Exercise aim. Using the data below, reproduce exactly the lines from the line with "Oferte de vânzare" to the line with "Área de Serviço", both included; pictures must be dropped.

Exercise inputs.
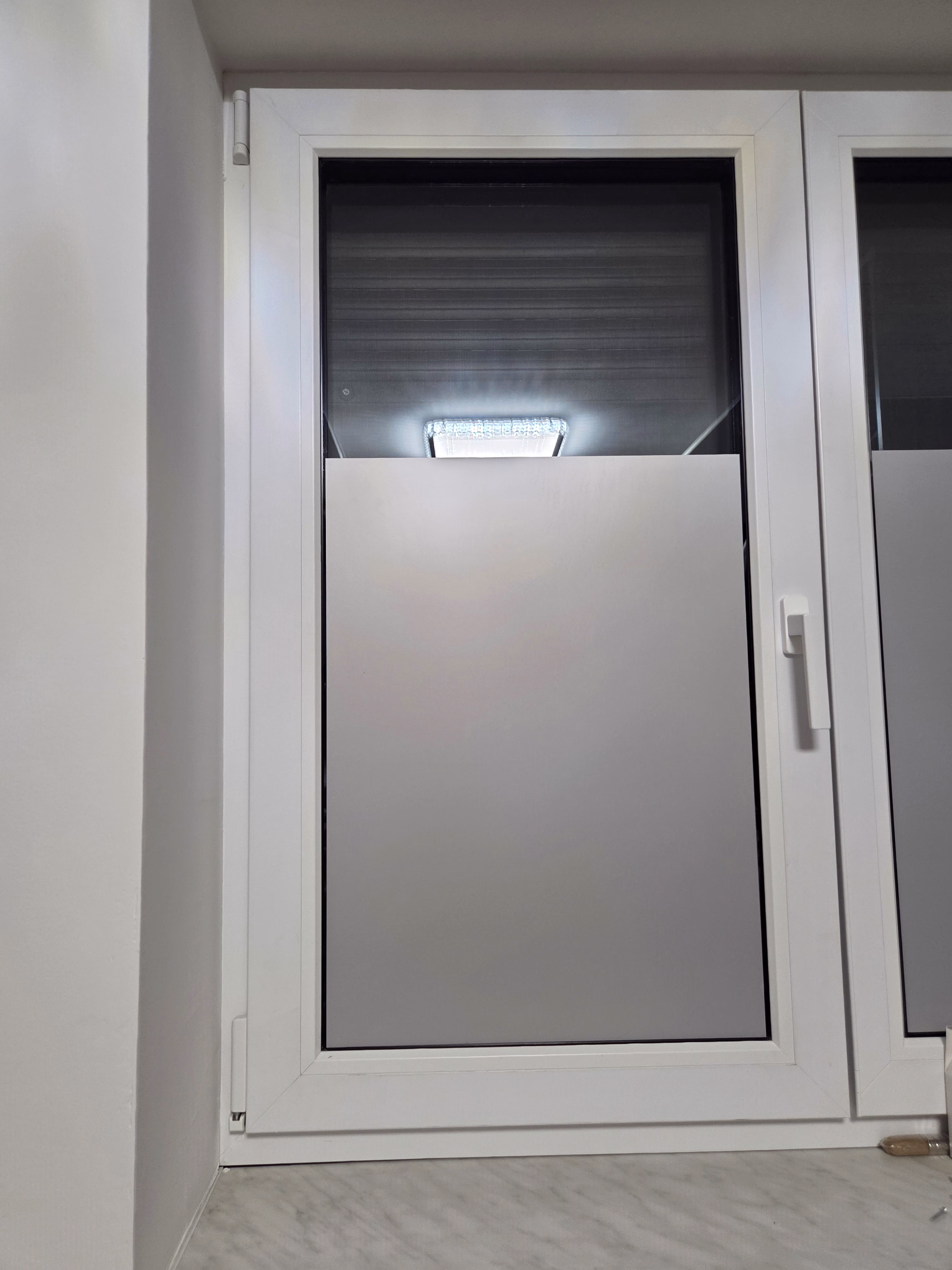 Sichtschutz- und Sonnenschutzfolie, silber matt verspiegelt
==
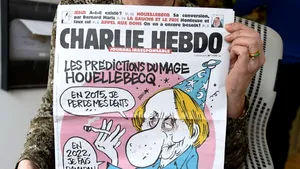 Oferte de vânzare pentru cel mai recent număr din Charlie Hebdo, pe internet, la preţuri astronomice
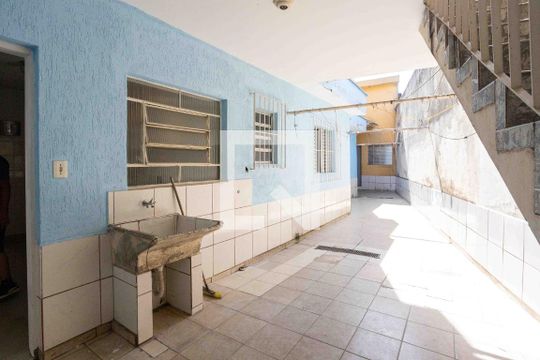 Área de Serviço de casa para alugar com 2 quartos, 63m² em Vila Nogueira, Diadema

Exercise answer.
 Oferte de vânzare pentru cel mai recent număr din Charlie Hebdo, pe internet, la preţuri astronomice
 Área de Serviço de casa para alugar com 2 quartos, 63m² em Vila Nogueira, Diadema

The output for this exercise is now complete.